The workshop that makes eliminated Italy home of the World Cup

When the World Cup is held aloft in July, it won't be an Italian lifting the trophy. The eliminated Azzurri will not brighten the tournament, but Italians will still make the cup shine.

The workshop that makes eliminated Italy home of the World Cup
An GDE Bertoni artisan operator cleans a replica of the World Cup trophy.

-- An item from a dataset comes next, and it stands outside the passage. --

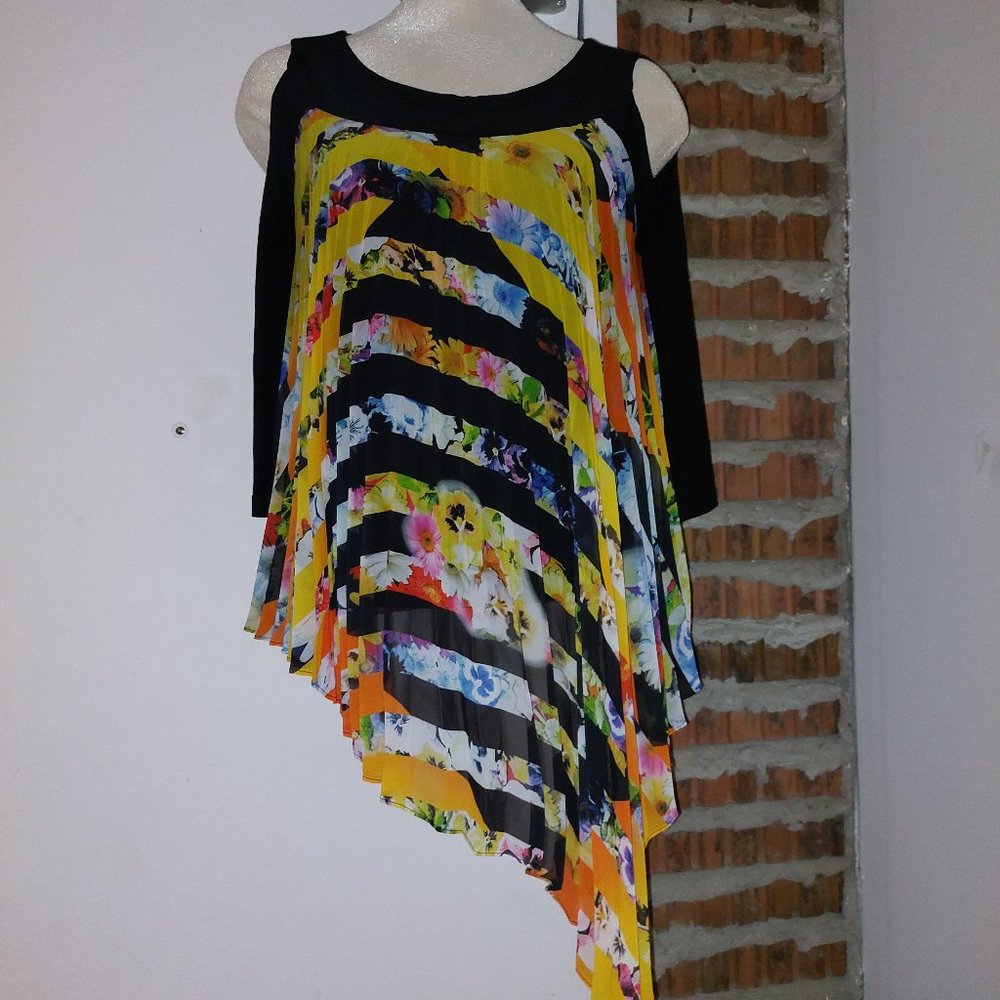 Joseph Ribkoff Asymmetric Pleated Floral Tunic Cold Shoulder Size 10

Photo: AFP

The four-time winners' humiliating exit in November's playoff defeat to Sweden cast a pall over one of the world's proudest football nations.

Italy are not going to the World Cup, but the World Cup will come to Italy.

Every four years, in an anonymous building in an industrial town near Milan, amid the clouds of metal dust and sound of presses and hammers, an Italian company gets its hands on the World Cup trophy itself — and gives it a makeover.

GDE Bertoni, a small business with 12 employees based in the Milanese suburb of Paderno Dugnano, designed and created the current cup in 1971 after Brazil kept the Jules Rimet trophy after they won the World Cup for the third time, and every four years it returned home for a spruce up.

“It's always a special feeling when the original trophy comes back to us, even if we see the replica every day,” says Valentina Losa, director of the company her great-grandfather founded in 1938.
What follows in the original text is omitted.